Я наклонился и взял ее за руку, ужасаясь ее словам, как мог кто-то обходиться с женщиной — любой женщиной — в манере, на которую намекала она? Это превосходило всякое понимание.
— Но по вашему виду не скажешь, что вы подвергались подобным надругательствам, — заметил я.
— В данную минуту на мне нет синяков и порезов, — сказала она. — Вы сомневаетесь в моих словах? Погодите немного, и вскоре на мне будет достаточно знаков, чтобы удовлетворить вас.
— Ничего подобного я в виду не имел, — ответил я поспешно. — Я указал, что вы не выглядите женщиной, подвергающейся дурному обращению. Ну может быть, пренебрегаемой, нелюбимой.
— Я привыкла, — сказала она. — Так было не всегда. Вначале я решила положить этому конец. Но как я могла преуспеть? У меня нет ни своих денег, ни положения. Он мой муж. Убежать? Но куда? Он меня разыщет, или я умру с голода. Однажды я попыталась, но была застигнута, не успев уйти.
И я выучила свой урок. Думаю про себя, что, может быть, не все мужчины такие. Твержу себе, что это минует. Едва безумие проходит, как он на недели становится вполне сносен, пока оно вновь не возвратится. Он разрешил мне показывать вам город. Разве это поведение монстра? Человек, с которым вы познакомились, разве он жесток и склонен к насилию? Нет. Для внешнего мира он кроток и уступчив. Только я знаю правду о том, каков он на самом деле. Но кто мне поверит? Скажи я что-нибудь, в сумасшествии обвинят меня, а не его.
Тут она совсем надломилась и беззвучно зарыдала, зажав голову в ладонях. Она не могла продолжать и даже повернулась спиной ко мне, когда я попытался утешить ее. Но я не отступил, и в конце концов она сдалась, кинулась в мои объятия и заплакала не сдерживаясь.
Я еще не представлял плана моих действий и знал только, что сложится он обязательно.
— Вы должны уехать, — сказал я. — Покинуть Венецию и вашего мужа.
— Не могу, — сказала она с презрительной насмешкой. — Как могу я так поступить? Куда уехать?
— Я мог бы…
— Нет! — сказала она, теперь действительно с испугом. — Нет, вы не должны ничего говорить! Обещайте мне!
— Но я должен что-то сделать.
— Нет, не должны. Вы видите себя рыцарем в сверкающих доспехах, спасающим девицу в беде? Мы живем не в том веке, когда подобное случалось. У него есть права. Я его собственность. Что произойдет? Он, конечно, будет все отрицать. Заявит, что я все сочиняю. Найдет кого-нибудь вроде Мараньони объявить, что я завзятая лгунья, что я сумасшедшая. По-вашему, если я скажу правду, объясню, что он бьет меня возбуждения ради…

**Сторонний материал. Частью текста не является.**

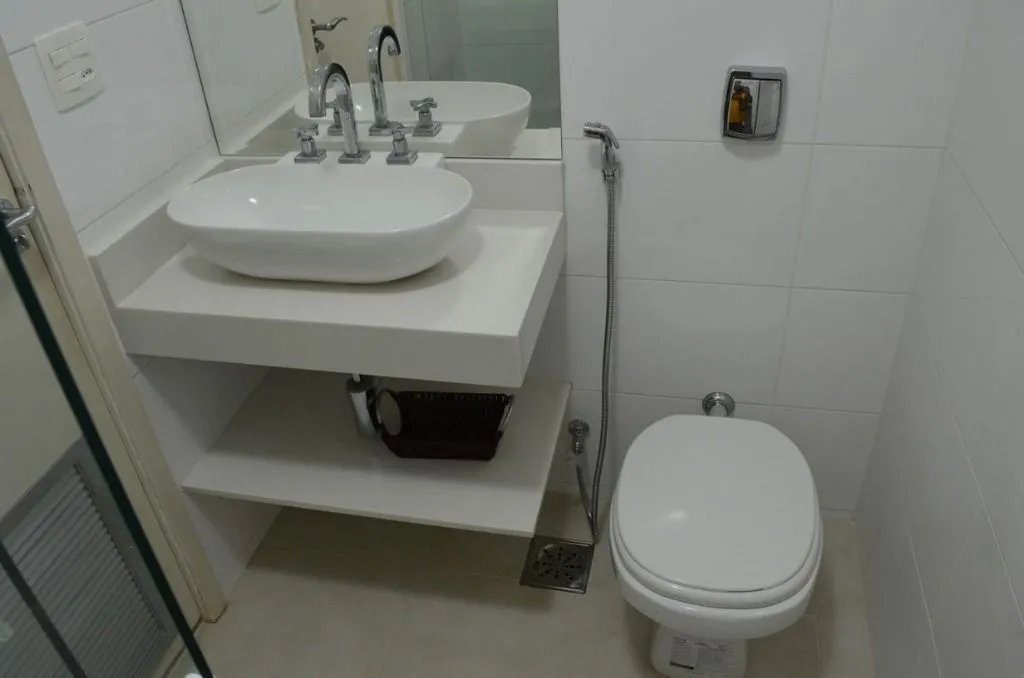 90 m² apartment with 2 bedrooms and a balcony — photo 16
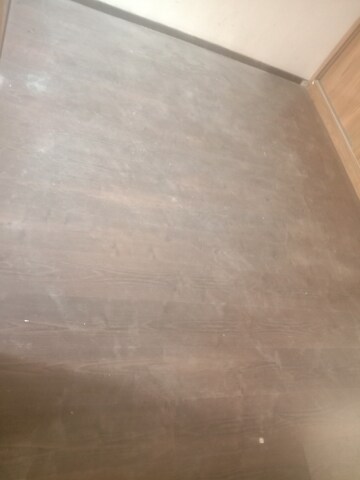 Room in 3 BHK Apartment at Sector 16c Greater Noida – for Rent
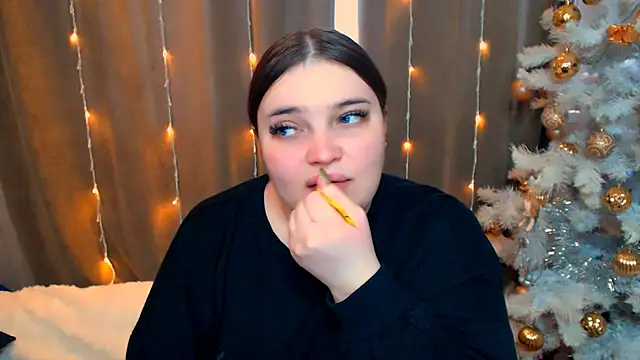 Snapshot of Emaaa_ua chatting on 01/04/25, 06:52 Emaaa ua online show from 01/04/25, 06:52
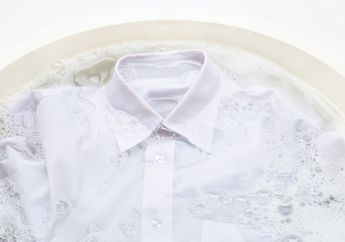 Pakai Secangkir Bahan Dapur Saja, Begini Cara Mudah Memutihkan Seragam Putih Anak yang Menguning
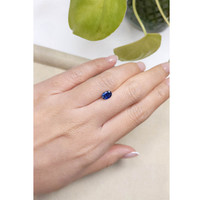 1.02 Ct. Blue Sapphire from Ceylon (Sri Lanka) Life Style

Она умолкла, ужаснувшись тому, что сказала, что выдала о своем адском существовании больше, чем хотела.
— Пожалуйста, — сказала она, умоляя меня, — пожалуйста, не берите дело в свои руки. Не вмешивайтесь. Вы ничего не можете для меня сделать. Только чуточку любить меня, показывая, что не все мужчины монстры, что любовь это не только боль и слезы.
Я растерянно затряс головой.
— Чего вы хотите?
— Мне необходимо подумать. Привести мысли в порядок. Встреча с вами была… не могу описать чем. Едва увидев вас, я ощутила нечто, прежде мне не известное. Я не прошу вас о помощи. Ничего сделать для меня вы не можете. Я просто прошу вас быть рядом. Немножко. Это успокаивает и утешает больше, чем все, что вы можете сказать или сделать.
— Вы просите слишком малого.
— Я прошу большего, чем кто-либо когда-либо давал мне, — сказала она, поглаживая меня по щеке. — А если я попрошу большего, то могу его не получить.
— Вы сомневаетесь во мне?
Она не ответила, но вновь бросилась на меня.
— Довольно слов, — сказала она. — То есть сейчас.
Она была свирепой, словно, облегчив свою душу в признаниях мне, обнажив передо мной свои тайны, она уже не нуждалась в скромности или осторожности. Она была неудержимой со мной, как другие были неудержимы в своей ненависти к ней; это было ее защитой, подумал я, так отплатить своим мучителям. Потом она вновь распростерлась на земле без намека на осторожность или опасения.